I won't reveal anything more, except to say I fully expect this to be only the beginning of "Dr. Horrible's Sing-Along Blog." After all, they're going to have to bring back Bad Horse, the Evil League of Evil leader known as "the thoroughbred of sin."
Fresh from "Dr. Horrible," that put me in the mind of "Buffy," so I went to the Hulu site at hulu.com to see what was available on the jointly owned NBC-Fox classic TV Web site. While it didn't have the musical "Buffy" episode, it did have all 34 episodes from the first two seasons, and I watched "Halloween," one of the show's early classics, about the characters being cursed to take on the attitudes of the costumes they're dressed in on Halloween night.
What a great series "Buffy" was - and is - and "Dr. Horrible" displays the same sort of playful skill at making meaning out of self-referential comedy. Sure, it would be nice to see Whedon return to a set series format (and he will this winter in Fox's "Dollhouse"), just as it's nice to see "Buffy" in pristine video form on DVD. Yet I have to insist these are landmarks as we get ever closer to true convergence between the TV and the computer.
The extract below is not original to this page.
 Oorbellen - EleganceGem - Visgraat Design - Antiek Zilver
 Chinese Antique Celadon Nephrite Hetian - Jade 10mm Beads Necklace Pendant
It's hard to knock the ready accessibility of Hulu, especially at the cost of just a handful of 15-second ads an episode, and "Dr. Horrible" opens new opportunities to Whedon - opportunities to skirt network meddling and communicate straight with the audience. I think "Dr. Horrible" is only the beginning of a Whedon master plan for, in the words of Dr. Horrible, "destroying the status quo, because the status is not quo." You go, Joss Whedon, and "Dr. Horrible" too.
TCM's summer stars
Turner Classic Movies revives its annual August "Summer Under the Stars" festival starting Friday. Things get off to a slow start with Michael Caine ("Zulu" at 7 p.m.), but they soon get up to speed with Charlie Chaplin Saturday, including "Modern Times" at 7 p.m., followed by "The Great Dictator" at 8:30.
Art rock at the track
WDRV 97.1-FM holds a Rock Art Show featuring works by the likes of Jerry Garcia, Ron Wood, Paul McCartney and Jimi Hendrix at Arlington Park, 2200 W. Euclid, Arlington Heights, from 11:15 a.m. to 6 p.m. Friday through Sunday. It's free with admission to the track.
Lessons in 'Murder'
Dick Van Dyke returns in his latter-day crime-solver mode as criminology professor Jonathan Maxwell in the "Murder 101" installment "Locked Room Mystery" at 8 p.m. Sunday on the Hallmark Channel.
Slider madness
The stoner movie is a Waste Watcher genre all its own, and one of the better ones of recent vintage is "Harold & Kumar Go to White Castle." Harold Cho and Kal Penn star as a couple of burnouts who get the munchies. The ever-agreeable Neil Patrick Harris puts in a cameo. It's at 8 p.m. Saturday on Comedy Central.